La contention élastique a une certaine efficacité, mais elle n'a jamais été testée chez l'obèse. Elle est néanmoins recommandée et réalisée à l'aide de bas-jarret. Aux États-Unis, la compression pneumatique intermittente est largement utilisée en peropératoire. En France, elle arrive dans les centres qui pratiquent des by-pass.
Dans une étude prospective concernant 3 861 interventions de chirurgie bariatrique réalisées en 1980 et 2004, l'introduction de l'héparine n'a pas eu d'impact significatif sur le risque d'EP (4). Mais il s'agit d'une étude monocentrique. Aucune conclusion définitive ne peut également être tirée des quelques études comparant l'efficacité de différentes doses d'héparine dans ce type de chirurgie, en particulier de la seule étude randomisée qui a porté sur seulement 60 patients et avec une seule injection d'héparine de bas poids moléculaire (HBPM) (5). Une autre petite série (n = 19) a mis en évidence une corrélation négative entre l'IMC et l'activité anti-Xa (6). Mais aucune corrélation entre l'efficacité et cette activité n'a été établie. Dans le domaine des nouveaux antithrombotiques, le fondaparinux n'a pas été étudié en chirurgie bariatrique. Une métaanalyse de son utilisation en chirurgie orthopédique majeure (7) suggère cependant qu'il pourrait avoir un intérêt chez les patients obèses.
Les recommandations actuelles.
Pour la Société française d'anesthésie et de réanimation, dans la chirurgie bariatrique, la thromboprophylaxie doit être réalisée par HBPM à dose élevée associée à une contention élastique. Les recommandations 2004 de l'ACCP (American College of Chest Physicians) définissent la dose d'HBPM en fonction du poids et stipulent, d'une part, qu'elle doit être augmentée chez les patients obèses et, d'autre part, qu'il est raisonnable de doser l'activité anti-Xa chez ceux dont le poids dépasse 150 kg ou qui ont un IMC > 50 (8).
Ces recommandations n'ont pas été reproduites dans la mise à jour 2008 (9) : les experts de l'ACCP expliquent qu'il faut faire une prophylaxie de routine avec une HBPM, sans préciser laquelle et à quelle dose (recommandation de grade 1C), et qu'une dose plus élevée d'HBPM ou d'héparine calcique sous-cutanée peut être utilisée (grade 2C).
Dans la majorité des études, la prophylaxie est débutée en préopératoire, mais rien ne permet de recommander cette attitude plutôt qu'un début postopératoire. On ne dispose pas non plus de données consensuelles sur la durée du traitement : de 4 à 10 jours aux États-Unis ; aucune recommandation en France. Finalement, constate le Pr Samama, « la prophylaxie optimale, la dose, l'initiation et la durée du traitement en chirurgie bariatrique sont inconnues ».

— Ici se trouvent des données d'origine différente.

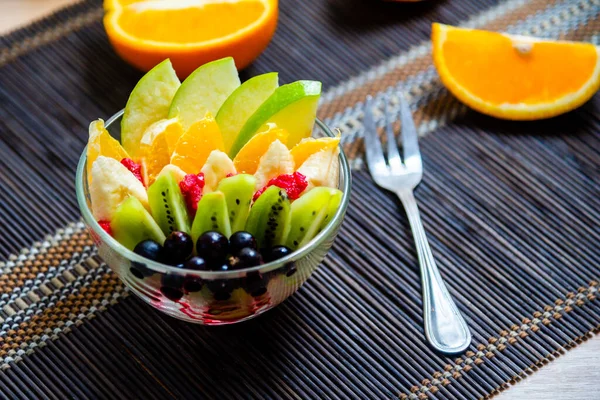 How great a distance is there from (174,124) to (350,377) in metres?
0.42

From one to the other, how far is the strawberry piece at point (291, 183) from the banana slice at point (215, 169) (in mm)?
52

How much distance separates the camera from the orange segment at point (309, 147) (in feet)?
3.19

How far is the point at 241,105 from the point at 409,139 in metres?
0.37

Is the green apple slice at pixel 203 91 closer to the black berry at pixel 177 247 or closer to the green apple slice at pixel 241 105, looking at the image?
the green apple slice at pixel 241 105

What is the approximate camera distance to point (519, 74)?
1.32m

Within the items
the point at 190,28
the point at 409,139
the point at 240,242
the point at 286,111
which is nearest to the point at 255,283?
the point at 240,242

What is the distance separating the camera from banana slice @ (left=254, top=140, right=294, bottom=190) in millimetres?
929

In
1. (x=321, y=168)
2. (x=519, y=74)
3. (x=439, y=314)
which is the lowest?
(x=439, y=314)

En pratique, la littérature est peu informative, mais la situation pourrait changer au vu du nombre important d'interventions de chirurgie bariatrique aux États-Unis (200 000 en 2007). Le risque élevé de MTEV justifie une prophylaxie systématique mécanique et médicamenteuse dont la durée reste toutefois à définir. On peut probablement proposer plutôt deux injections d'HBPM sous-cutanée quotidiennes, mais avec, là encore, nécessité d'un consensus sur la dose.
D'après la communication du Pr Charles-Marc Samama, anesthésie–réanimation, Hôtel-Dieu, Paris.
(1) Steib et al. Ann Fr Anesth Reanim 2005; 24:890-901.
(2) Mason et al. Obes Surg 1997;7:189-97.
(3) Wu et al. Obes Surg 2000;10:7-13.
(4) Carmody et al. J Am Coll Surg 2006;203:831-7.
(5) Kalfarentzos et al. Obes Surg 2001;11:670-6.
(6) Frederiksen et al. Br J Surg 2003;90:547-8.
(7) Turpie et al. Arch Intern Med 2002;162:1833-40.
(8) Hirsch et al. Chest 2004;126:188S-203S.
(9) Geerts et al. Chest 2008;133:381S-453S.